I'd like to see a data-dictionary-driven approach where most of field info
comes from a data dictionary, and only deviations need to be defined locally.
(Or perhaps create and mark dummy columns in the data dictionary that are
slated to be used for local customization.)

I suppose one could push a button and have static classes or definitions
generated for the source code from the data-dictionary, and thus still have a
statically typed system. It's still duplication of field attribute info, but
at least it's systematic duplication.

I used to use systems/tools that integrated the database, business logic, and
UI; and they reduced the amount of typing and code rework by a large amount.
The multi-layered approach may give us cross-vendor flexibility, but at the
cost of more code diddling to wire up the interfaces between all the layers.
Layer independence seems to increase duplication of field-related info.

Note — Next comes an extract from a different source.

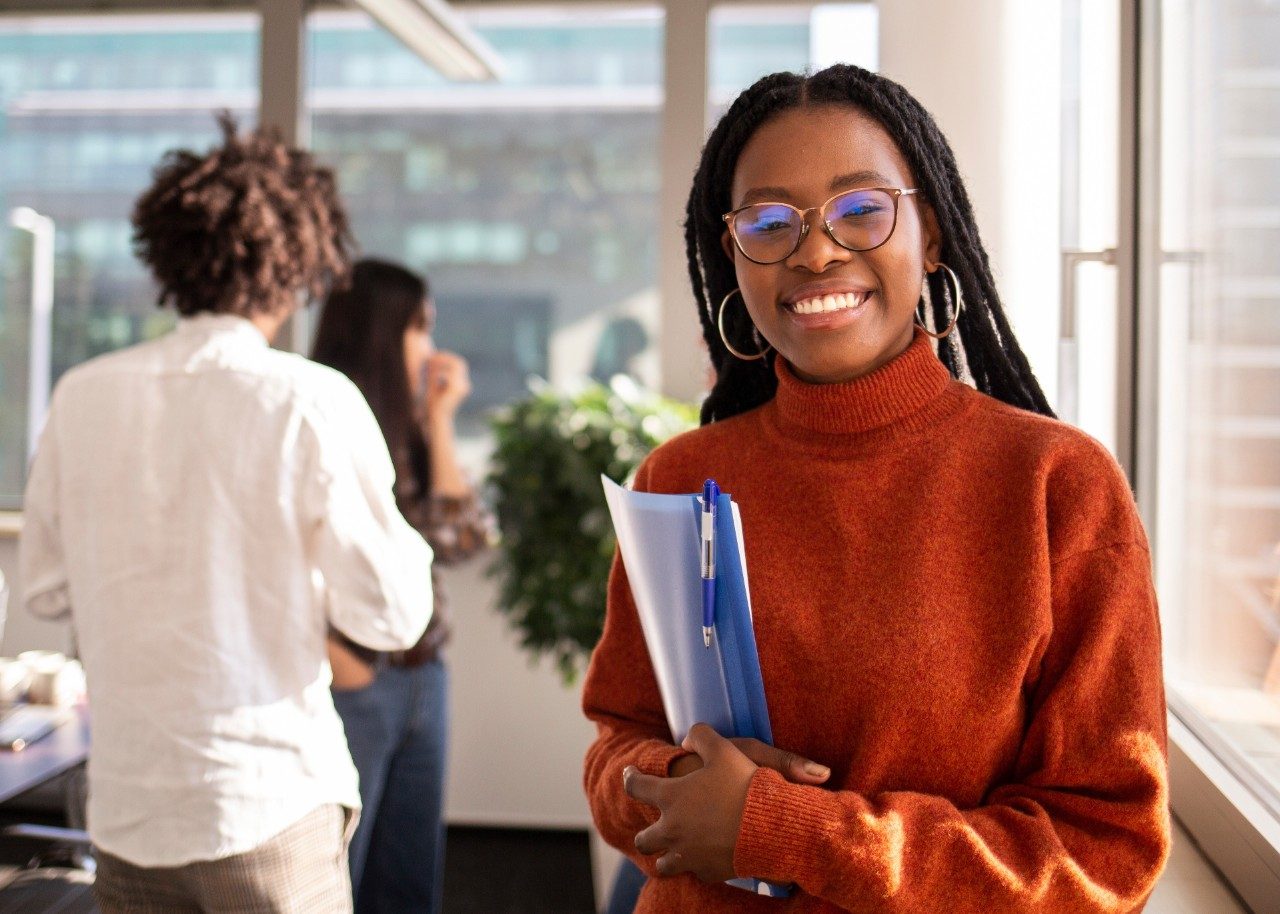 International Internships are great for career experience!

Back
then I could spend more time on requirements and analysis and less on code
wiring and re-wiring. Now we waste too much time dealing with low-level
repetitious grunt work.

------
glorioustao
There is a good talk I just watched a few days ago on this topic: Static
Versus Dynamic Typing [1][2], which listed the pros and cons of different
typing systems, using racket and ocaml as examples:

[1]
[https://courses.cs.washington.edu/courses/cse341/18wi/videos...](https://courses.cs.washington.edu/courses/cse341/18wi/videos/unit6/captioned/120-static-
vs-dynamic-one.m4v)

[2]
[https://courses.cs.washington.edu/courses/cse341/18wi/videos...](https://courses.cs.washington.edu/courses/cse341/18wi/videos/unit6/captioned/121-static-
vs-dynamic-two.m4v)

------
maxxxxx
The best I can make of these discussions is that there is no oneand true
answer. Some people prefer dynamic typing and some prefer static typing. I
myself prefer static especially while I am developing something new because I
feel I can be more aggressive in making changes because the compiler tells me
immediately what broke. But other smart people feel the other way.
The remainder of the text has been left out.